> **TO DO**:
Would you retype the listing below word for word, without any of its pictures?

> **DATA SECTION**:
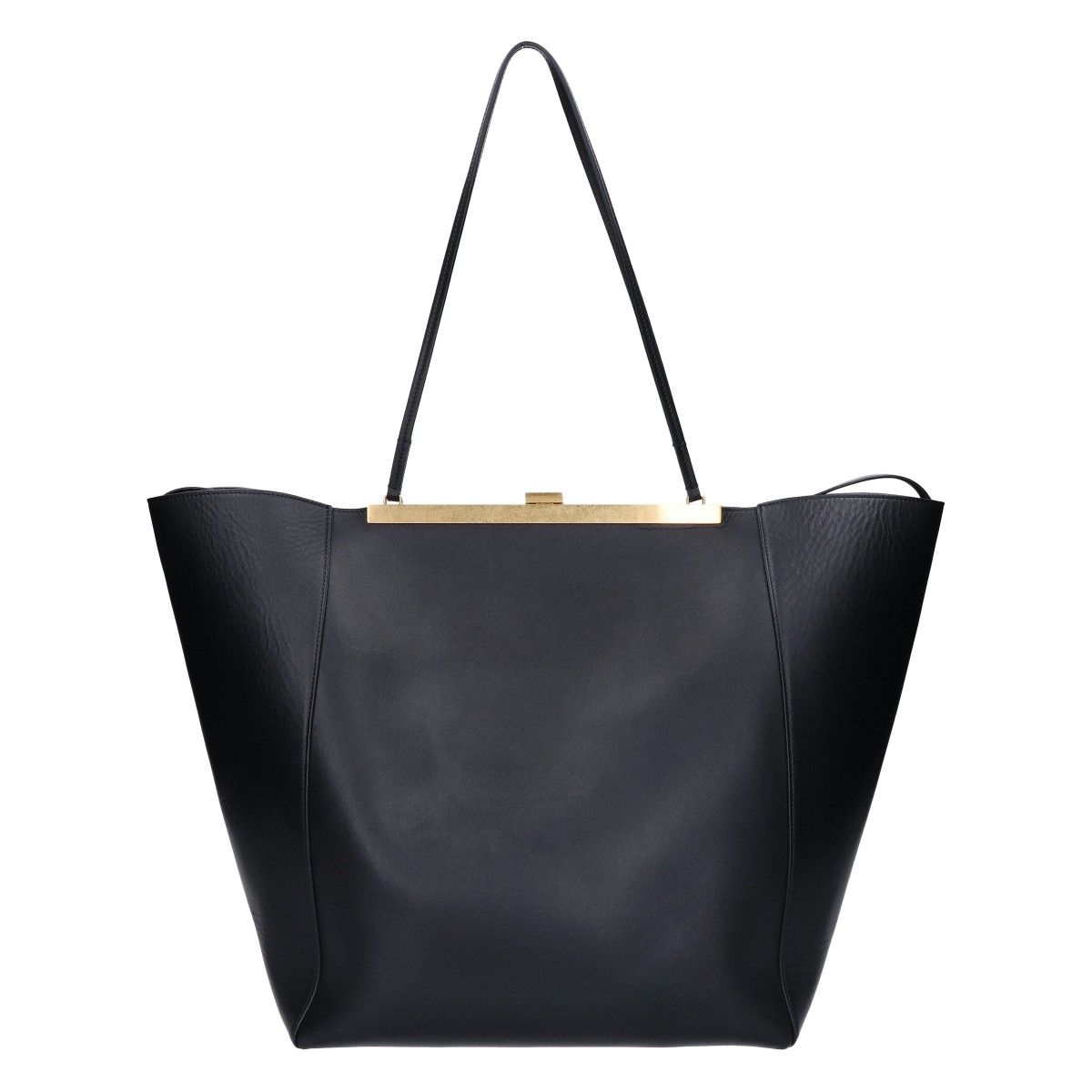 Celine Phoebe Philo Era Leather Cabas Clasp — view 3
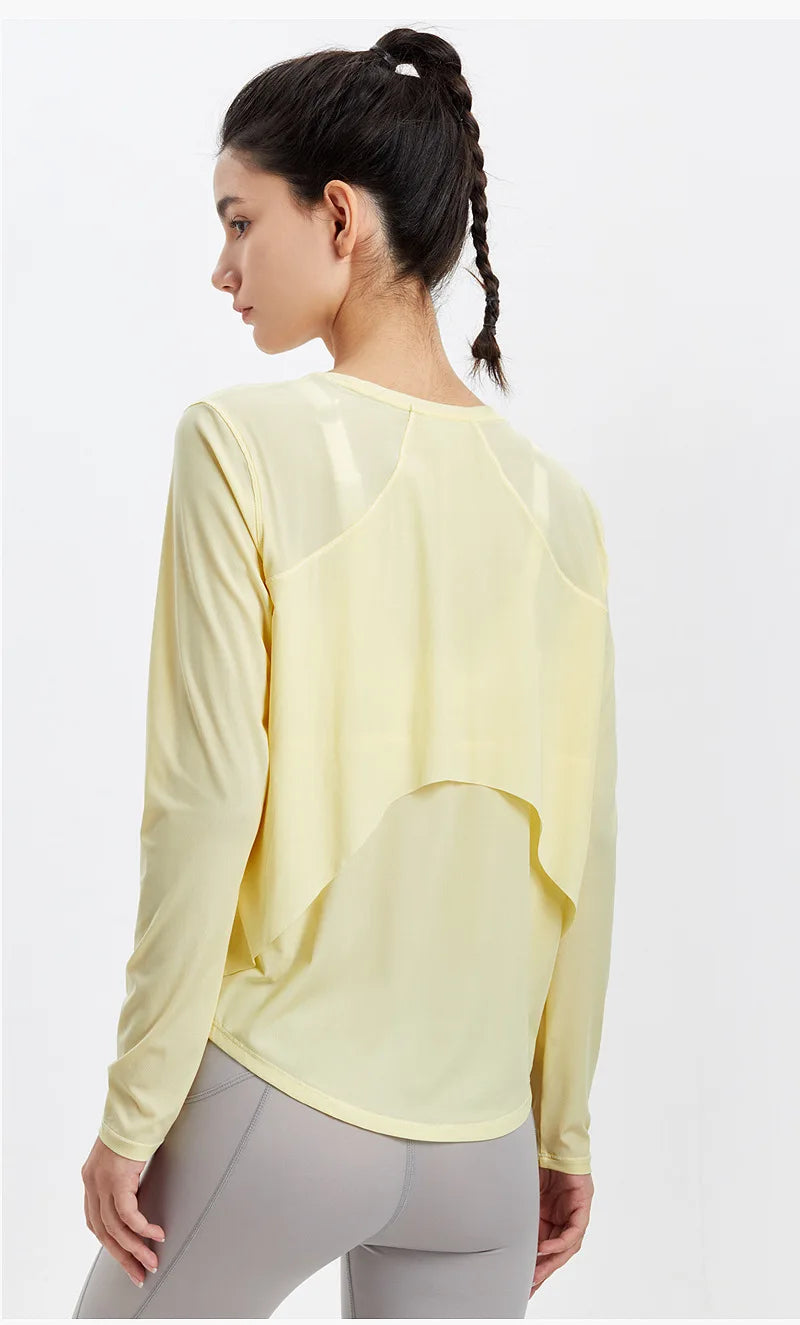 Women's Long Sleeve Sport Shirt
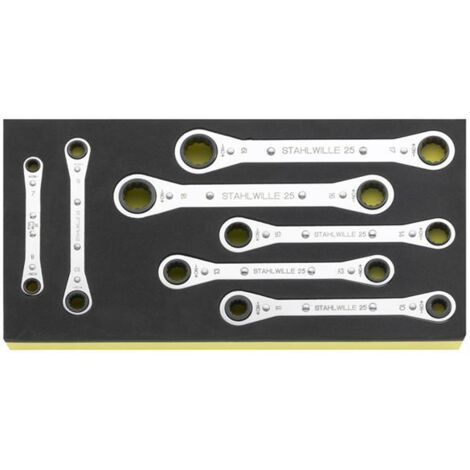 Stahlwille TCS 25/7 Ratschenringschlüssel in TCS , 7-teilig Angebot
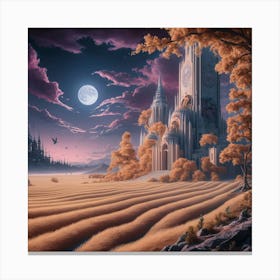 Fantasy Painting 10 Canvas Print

> **TASK ANSWER**:
 Celine Phoebe Philo Era Leather Cabas Clasp — view 3
 Women's Long Sleeve Sport Shirt
 Stahlwille TCS 25/7 Ratschenringschlüssel in TCS , 7-teilig Angebot
 Fantasy Painting 10 Canvas Print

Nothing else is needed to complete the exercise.